O Tribunal de Contas do Estado emitiu parecer contrário à aprovação das contas de 2006 do prefeito de Monte Horebe Erivan Dias Guarita, a quem imputou débito superior a R$ 46,5 mil por despesas não comprovadas com serviços de propaganda, material de consumo e expediente, hospedagens, diárias, serviços de terceiros (pessoas físicas e jurídicas), locação de veículo e desvio de finalidade de um convênio celebrado com a Secretaria de Segurança Pública.

O prefeito também respondeu por gastos resultantes de convênios com o Tribunal de Justiça e a Procuradoria Geral de Justiça, dos quais não deu comprovação.

O advogado Johnson Abrantes chegou a pedir que o julgamento fosse adiado, a fim de que a Corte pudesse examinar documentos que, segundo ele, confirmam a regularidade dessas despesas.

Mas teve o pedido denegado depois que o relator do processo Oscar Mamede Santiago Melo informou sobre dois adiamentos anteriores concedidos conforme apelo da defesa.

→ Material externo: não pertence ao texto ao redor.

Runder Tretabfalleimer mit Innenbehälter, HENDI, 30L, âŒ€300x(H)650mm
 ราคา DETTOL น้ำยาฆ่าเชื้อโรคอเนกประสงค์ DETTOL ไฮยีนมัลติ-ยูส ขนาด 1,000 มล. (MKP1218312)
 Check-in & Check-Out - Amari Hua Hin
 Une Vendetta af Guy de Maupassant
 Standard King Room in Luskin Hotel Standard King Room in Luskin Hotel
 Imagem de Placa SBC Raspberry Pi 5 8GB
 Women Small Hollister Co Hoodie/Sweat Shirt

Cabe recurso da decisão do TCE.

O Departamento Estadual de Trânsito teve as contas de 2006 aprovadas com ressalvas atinentes a falhas na contratação de assessoria jurídica, recebimento de recursos do Funesbom não previstos em convênio e não escrituração do prédio onde funciona, em João Pessoa.

A ausência do conselheiro Fernando Catão (em período de férias) motivou o adiamento dos exames das contas de 2006 da prefeita de Guarabira Maria de Fátima Paulo (que pedira para vista), do Fundo de Apoio ao Desenvolvimento da Paraíba (exercício de 2005) e do Banco do Estado da Paraíba – Crédito Imobiliário S/A (2008).

Satisfação

A escolha, pelo governador José Maranhão, do nome do auditor Umberto Porto para conselheiro do TCE, na vaga aberta com a aposentadoria de Marcos Ubiratan, foi recebida com satisfação por todos os participantes da sessão plenária desta quarta-feira (6).

O decano Flávio Sátiro – que informou sobre a publicação do ato no Diário Oficial do Estado – enalteceu a ascensão de um auditor ao cargo de conselheiro e aplaudiu a escolha por entender que Umberto Porto reúne as qualidades necessárias ao bom desempenho de sua nova missão.

Também assim se expressaram os auditores Antonio Cláudio Silva Santos, Oscar Mamede Santiago Melo, Renato Sérgio Santiago Melo e Antonio Gomes Vieira, concorrentes à vaga.

A opinião unânime quanto ao acerto da escolha também foi comungada pelo presidente Nominando Diniz, pela procuradora geral do TCE Ana Teresa Nóbrega e pelo advogado Johnson Abrantes, em nome da OAB.

Pesar
No início da mesma sessão, o TCE aprovou, por unanimidade, voto de pesar proposto pelo conselheiro Flávio Sátiro em razão da morte de d. Creusa Pires. “Ela foi um exemplo de cidadania e perseverança. Tinha o espírito concentrado na superação e na vitória”, comentou ele.

O conselheiro Arnóbio Viana cumprimentou o amigo Flávio Sátiro pela iniciativa do voto de pesar, no que foi acompanhado pelo também conselheiro Fábio Nogueira, pela procuradora Ana Teresa Nóbrega e pelo advogado Johnson Abrantes.